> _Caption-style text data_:

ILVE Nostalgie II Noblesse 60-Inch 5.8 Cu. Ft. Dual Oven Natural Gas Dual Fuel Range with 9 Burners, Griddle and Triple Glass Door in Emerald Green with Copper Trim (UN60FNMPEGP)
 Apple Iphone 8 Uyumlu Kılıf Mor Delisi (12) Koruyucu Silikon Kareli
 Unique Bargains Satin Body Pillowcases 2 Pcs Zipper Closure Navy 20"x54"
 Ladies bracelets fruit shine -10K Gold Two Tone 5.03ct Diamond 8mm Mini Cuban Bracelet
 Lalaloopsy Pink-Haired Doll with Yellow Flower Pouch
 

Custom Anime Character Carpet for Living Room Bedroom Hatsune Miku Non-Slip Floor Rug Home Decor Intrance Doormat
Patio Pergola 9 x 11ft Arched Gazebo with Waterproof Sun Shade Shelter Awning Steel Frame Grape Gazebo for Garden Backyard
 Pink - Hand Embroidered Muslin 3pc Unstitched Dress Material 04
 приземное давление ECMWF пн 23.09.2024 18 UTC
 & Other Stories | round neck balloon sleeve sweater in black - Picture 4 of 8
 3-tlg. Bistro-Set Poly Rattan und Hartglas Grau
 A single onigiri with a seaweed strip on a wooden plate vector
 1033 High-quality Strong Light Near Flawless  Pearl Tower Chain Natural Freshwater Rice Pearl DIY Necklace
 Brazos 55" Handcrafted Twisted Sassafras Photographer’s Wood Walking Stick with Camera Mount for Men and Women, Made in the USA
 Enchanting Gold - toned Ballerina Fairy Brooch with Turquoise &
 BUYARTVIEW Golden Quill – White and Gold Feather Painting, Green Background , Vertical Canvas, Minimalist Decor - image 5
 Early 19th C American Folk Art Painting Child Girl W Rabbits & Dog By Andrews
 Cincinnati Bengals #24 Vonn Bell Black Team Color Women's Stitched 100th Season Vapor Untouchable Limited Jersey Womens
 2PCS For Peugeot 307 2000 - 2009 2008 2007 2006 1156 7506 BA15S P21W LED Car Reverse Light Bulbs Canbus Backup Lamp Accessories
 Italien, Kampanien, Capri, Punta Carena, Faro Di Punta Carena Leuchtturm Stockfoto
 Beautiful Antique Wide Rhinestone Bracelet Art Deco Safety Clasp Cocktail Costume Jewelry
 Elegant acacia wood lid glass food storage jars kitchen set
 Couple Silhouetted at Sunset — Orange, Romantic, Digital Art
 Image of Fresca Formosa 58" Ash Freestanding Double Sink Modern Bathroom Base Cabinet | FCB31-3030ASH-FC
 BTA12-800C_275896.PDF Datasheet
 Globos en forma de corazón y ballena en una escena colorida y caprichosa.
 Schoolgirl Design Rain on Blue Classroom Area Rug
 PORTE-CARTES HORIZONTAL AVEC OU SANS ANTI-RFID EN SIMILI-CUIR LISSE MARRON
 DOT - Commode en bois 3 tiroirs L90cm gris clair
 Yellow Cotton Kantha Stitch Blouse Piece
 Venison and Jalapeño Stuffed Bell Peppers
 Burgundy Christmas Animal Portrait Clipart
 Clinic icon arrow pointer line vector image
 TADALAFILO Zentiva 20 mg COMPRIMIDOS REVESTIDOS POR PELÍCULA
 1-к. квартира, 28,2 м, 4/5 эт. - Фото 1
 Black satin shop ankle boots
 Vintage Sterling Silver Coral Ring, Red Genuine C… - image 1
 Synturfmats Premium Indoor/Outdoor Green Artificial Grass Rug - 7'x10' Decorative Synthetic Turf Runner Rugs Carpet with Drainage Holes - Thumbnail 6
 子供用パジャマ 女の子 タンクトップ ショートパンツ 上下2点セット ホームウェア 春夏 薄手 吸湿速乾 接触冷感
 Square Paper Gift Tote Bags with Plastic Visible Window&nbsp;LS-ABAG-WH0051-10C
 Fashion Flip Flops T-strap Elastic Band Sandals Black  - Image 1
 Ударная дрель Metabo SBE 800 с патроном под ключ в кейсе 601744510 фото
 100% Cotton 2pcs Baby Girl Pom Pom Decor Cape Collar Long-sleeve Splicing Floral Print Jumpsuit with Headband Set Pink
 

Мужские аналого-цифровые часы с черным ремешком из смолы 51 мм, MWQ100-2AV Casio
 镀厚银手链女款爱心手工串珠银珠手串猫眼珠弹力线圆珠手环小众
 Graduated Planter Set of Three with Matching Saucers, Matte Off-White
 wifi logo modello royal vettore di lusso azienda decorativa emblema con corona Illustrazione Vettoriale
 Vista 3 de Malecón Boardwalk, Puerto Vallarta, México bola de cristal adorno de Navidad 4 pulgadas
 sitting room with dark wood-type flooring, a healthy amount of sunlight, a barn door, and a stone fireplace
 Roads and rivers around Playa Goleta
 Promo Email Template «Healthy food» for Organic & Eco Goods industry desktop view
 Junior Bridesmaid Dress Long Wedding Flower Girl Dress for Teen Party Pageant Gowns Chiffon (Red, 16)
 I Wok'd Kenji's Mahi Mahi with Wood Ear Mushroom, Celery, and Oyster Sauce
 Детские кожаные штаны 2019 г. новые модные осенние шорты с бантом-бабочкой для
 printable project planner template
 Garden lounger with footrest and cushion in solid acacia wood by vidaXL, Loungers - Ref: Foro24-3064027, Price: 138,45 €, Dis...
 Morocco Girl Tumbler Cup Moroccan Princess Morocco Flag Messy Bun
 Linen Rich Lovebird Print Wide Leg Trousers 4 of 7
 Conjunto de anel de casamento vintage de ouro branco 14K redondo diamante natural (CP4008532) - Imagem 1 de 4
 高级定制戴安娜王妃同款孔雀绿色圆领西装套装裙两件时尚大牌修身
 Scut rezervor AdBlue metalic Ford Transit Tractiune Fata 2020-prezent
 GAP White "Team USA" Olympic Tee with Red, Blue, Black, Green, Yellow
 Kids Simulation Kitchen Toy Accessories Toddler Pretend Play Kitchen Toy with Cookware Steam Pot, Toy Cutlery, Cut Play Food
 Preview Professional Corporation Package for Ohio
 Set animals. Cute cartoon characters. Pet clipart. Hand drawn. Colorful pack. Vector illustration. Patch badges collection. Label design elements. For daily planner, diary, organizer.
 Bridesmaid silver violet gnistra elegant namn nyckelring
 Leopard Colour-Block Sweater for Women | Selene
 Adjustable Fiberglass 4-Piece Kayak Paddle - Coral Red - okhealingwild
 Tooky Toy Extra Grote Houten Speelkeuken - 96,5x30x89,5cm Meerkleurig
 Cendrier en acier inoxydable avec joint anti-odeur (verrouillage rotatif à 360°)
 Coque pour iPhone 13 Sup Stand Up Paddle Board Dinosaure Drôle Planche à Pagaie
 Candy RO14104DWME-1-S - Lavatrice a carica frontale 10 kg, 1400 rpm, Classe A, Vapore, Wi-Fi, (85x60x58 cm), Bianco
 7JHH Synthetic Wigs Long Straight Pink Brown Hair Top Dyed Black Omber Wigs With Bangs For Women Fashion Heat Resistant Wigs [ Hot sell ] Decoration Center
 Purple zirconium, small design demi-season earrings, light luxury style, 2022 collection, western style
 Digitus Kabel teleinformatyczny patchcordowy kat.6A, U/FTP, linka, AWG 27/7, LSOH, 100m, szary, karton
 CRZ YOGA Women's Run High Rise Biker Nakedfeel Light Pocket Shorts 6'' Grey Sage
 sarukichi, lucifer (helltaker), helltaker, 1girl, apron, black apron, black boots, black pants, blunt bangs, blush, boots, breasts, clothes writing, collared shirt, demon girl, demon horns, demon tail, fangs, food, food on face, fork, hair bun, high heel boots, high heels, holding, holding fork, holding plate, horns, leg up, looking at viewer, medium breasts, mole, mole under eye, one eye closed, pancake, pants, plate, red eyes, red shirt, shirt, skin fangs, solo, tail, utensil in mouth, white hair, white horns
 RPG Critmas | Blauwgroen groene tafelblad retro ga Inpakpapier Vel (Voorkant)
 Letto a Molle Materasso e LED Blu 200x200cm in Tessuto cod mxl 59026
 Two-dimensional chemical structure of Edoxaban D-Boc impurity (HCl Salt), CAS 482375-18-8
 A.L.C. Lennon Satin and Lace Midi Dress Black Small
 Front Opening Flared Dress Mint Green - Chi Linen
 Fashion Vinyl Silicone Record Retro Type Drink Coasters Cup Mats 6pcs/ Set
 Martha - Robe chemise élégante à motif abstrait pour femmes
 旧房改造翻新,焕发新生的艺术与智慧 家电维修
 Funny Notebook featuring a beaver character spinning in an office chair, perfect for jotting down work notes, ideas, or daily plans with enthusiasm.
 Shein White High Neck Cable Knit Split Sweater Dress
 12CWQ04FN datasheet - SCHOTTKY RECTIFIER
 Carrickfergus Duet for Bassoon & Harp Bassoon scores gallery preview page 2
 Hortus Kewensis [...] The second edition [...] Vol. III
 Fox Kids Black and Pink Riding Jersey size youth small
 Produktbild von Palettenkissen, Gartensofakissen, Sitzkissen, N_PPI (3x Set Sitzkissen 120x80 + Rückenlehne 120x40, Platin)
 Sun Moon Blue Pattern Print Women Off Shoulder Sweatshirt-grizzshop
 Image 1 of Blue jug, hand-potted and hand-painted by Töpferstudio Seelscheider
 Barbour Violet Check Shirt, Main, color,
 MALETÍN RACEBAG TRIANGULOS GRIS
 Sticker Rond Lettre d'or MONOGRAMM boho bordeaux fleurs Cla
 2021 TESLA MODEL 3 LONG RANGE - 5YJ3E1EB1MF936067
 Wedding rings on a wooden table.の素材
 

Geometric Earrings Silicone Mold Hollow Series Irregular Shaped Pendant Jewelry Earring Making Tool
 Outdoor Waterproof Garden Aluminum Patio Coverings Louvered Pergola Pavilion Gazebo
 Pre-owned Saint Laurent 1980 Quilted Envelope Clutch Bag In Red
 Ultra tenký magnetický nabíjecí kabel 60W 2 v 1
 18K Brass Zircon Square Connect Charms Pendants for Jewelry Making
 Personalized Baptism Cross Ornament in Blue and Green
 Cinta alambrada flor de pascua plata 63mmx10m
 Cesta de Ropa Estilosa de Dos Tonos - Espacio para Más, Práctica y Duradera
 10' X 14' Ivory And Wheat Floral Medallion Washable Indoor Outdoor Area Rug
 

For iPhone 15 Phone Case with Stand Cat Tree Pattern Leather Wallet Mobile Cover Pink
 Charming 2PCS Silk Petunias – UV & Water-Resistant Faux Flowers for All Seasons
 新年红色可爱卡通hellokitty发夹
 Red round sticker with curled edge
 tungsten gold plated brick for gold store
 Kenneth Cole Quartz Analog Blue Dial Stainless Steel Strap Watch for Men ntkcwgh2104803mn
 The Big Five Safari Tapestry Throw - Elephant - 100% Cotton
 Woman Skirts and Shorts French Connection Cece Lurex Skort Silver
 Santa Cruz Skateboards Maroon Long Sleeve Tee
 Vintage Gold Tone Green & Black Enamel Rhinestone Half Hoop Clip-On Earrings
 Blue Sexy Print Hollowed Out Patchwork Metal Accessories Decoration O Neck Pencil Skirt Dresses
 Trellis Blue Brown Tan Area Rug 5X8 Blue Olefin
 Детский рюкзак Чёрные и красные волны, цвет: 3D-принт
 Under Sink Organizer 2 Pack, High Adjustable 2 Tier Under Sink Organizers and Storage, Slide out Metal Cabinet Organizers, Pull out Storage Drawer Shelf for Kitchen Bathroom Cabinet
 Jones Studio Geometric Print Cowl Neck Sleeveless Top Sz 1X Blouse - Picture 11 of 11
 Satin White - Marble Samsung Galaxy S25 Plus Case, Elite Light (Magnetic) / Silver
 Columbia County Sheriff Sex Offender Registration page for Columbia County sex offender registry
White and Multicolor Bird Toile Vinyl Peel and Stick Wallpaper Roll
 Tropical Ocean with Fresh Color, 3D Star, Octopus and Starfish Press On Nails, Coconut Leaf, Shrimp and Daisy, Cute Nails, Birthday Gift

> _What is being asked_: The expected result is a copy of each line in the records where "Gazebo" appears.

> _Solution for this problem_:
Patio Pergola 9 x 11ft Arched Gazebo with Waterproof Sun Shade Shelter Awning Steel Frame Grape Gazebo for Garden Backyard
 Outdoor Waterproof Garden Aluminum Patio Coverings Louvered Pergola Pavilion Gazebo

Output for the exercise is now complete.